# Why Japan banned horse racing



## whiteskunk (Mar 23, 2010)

Here is the video that caused an uproar in Japan and why horse racing was banned there.

http://www.youtube.com/watch?v=c9maKE-FwHc


----------



## Joeyyy (Mar 23, 2010)

HORSE FOR WORK!


----------



## Azure (Mar 23, 2010)

eh?


----------



## Tewin Follow (Mar 23, 2010)

I saw Lum in there.
I haven't seen anything to do with Lum in nearly ten years. <3


----------



## whiteskunk (Mar 23, 2010)

Harebelle said:


> I saw Lum in there.
> I haven't seen anything to do with Lum in nearly ten years. <3



Yagami from "Maison Ikkoku" was also in the video.


----------



## mystery_penguin (Mar 23, 2010)

I recognized Konata from Lucky Star and Natsumi from Keroro Gunso

Insta-win


----------



## whiteskunk (Mar 24, 2010)

mystery_penguin said:


> I recognized Konata from Lucky Star and Natsumi from Keroro Gunso
> 
> Insta-win



Osaka from Azumanga Daioh is also present in the video. As is Negi from Negima the first season.
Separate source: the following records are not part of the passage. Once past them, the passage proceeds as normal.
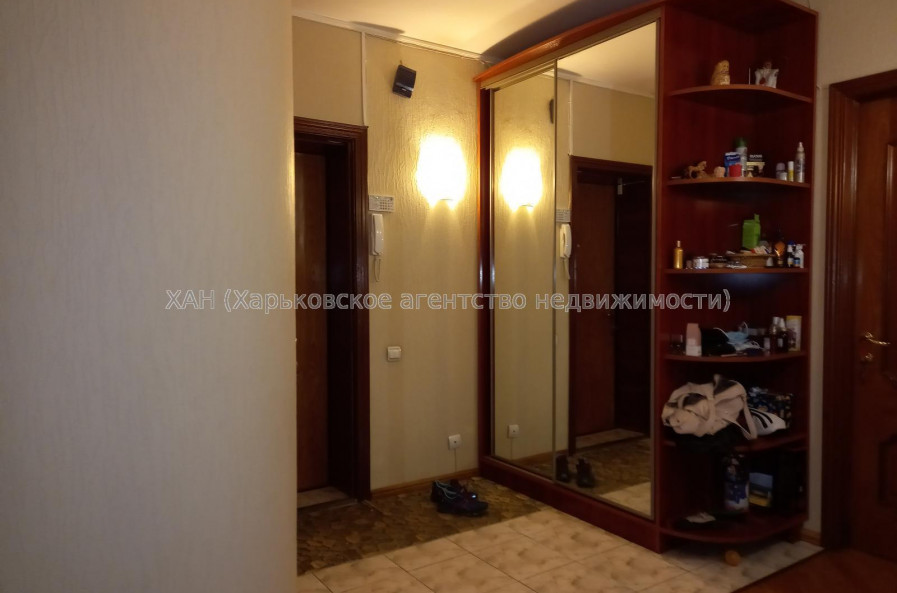 Продам квартиру, Лебединская ул. , 4  ком., 105 м², капитальный ремонт 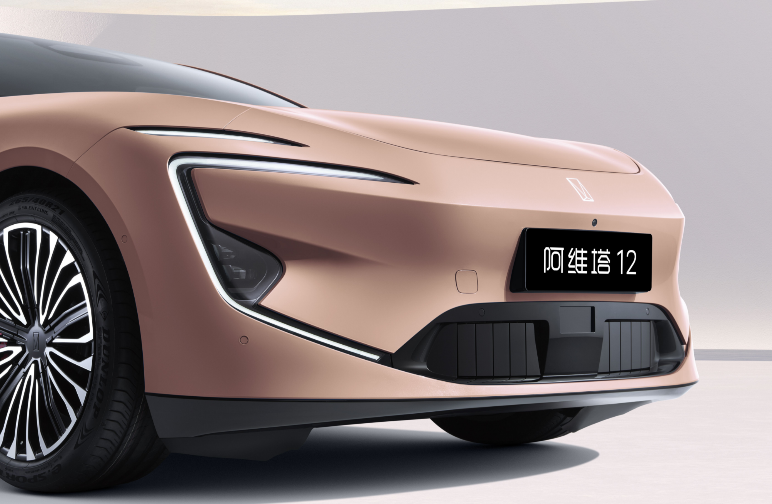 智能豪华座驾焕新而来，阿维塔12 2024款震撼面世_新闻热点

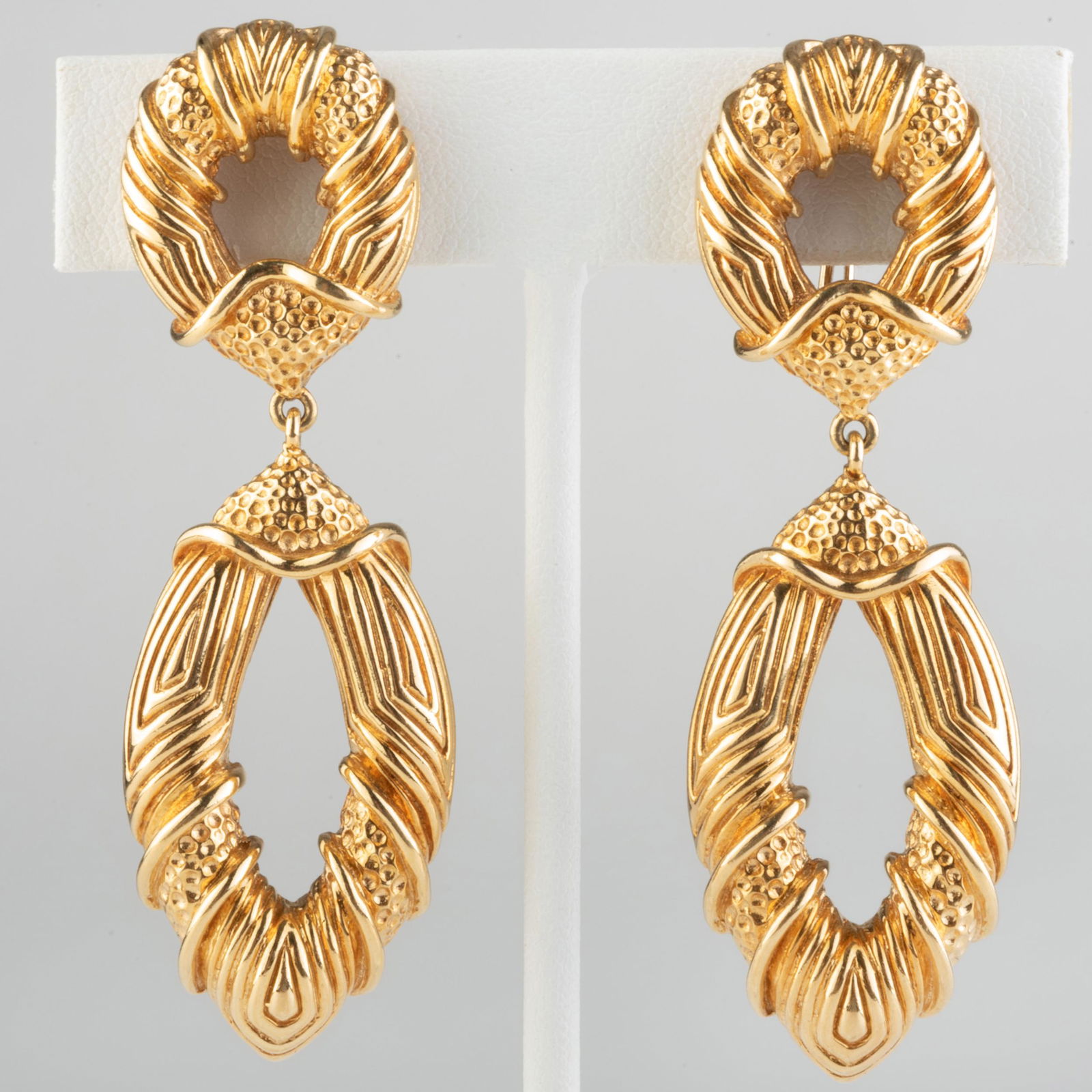 Pair of Vintage 18k Gold Pendant Earclips (1 of 3)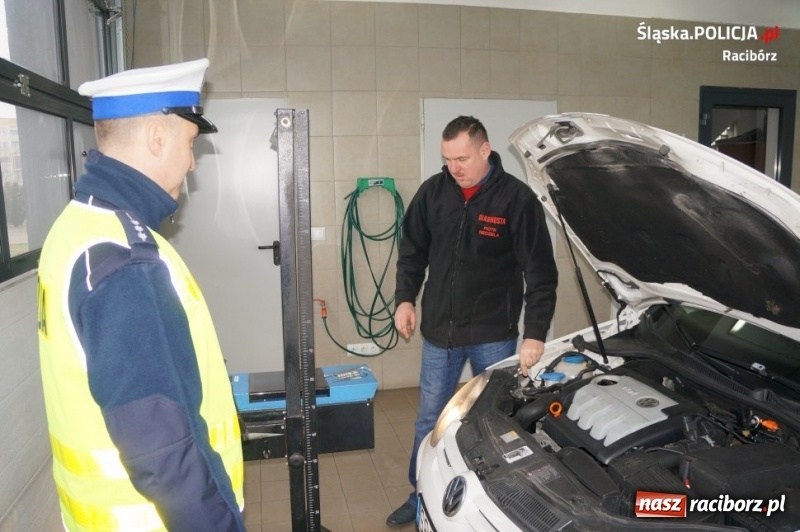 Zdjęcie w galerii na portalu naszraciborz.pl: Policjanci i diagnosta kontrolowali ustawienie świateł samochodowych  wiadomości z regionu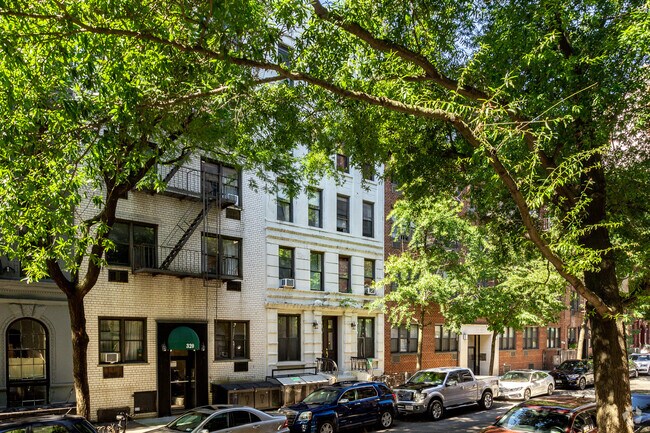 318 E 90th St New York, NY 10128 photo 4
The "Winner" (Mine That Bird) is Teacher from Eiken. She was due for some respect.


----------



## mystery_penguin (Mar 24, 2010)

whiteskunk said:


> Osaka from Azumanga Daioh is also present in the video. As is Negi from Negima the first season.
> 
> The "Winner" (Mine That Bird) is Teacher from Eiken. She was due for some respect.


Sorry, I've only really watched the more popular anime's :|


----------



## whiteskunk (Mar 24, 2010)

mystery_penguin said:


> Sorry, I've only really watched the more popular anime's :|



No problem, Eiken is a 2 epi OVA and borders on being hentai. But it's funny as hell.


----------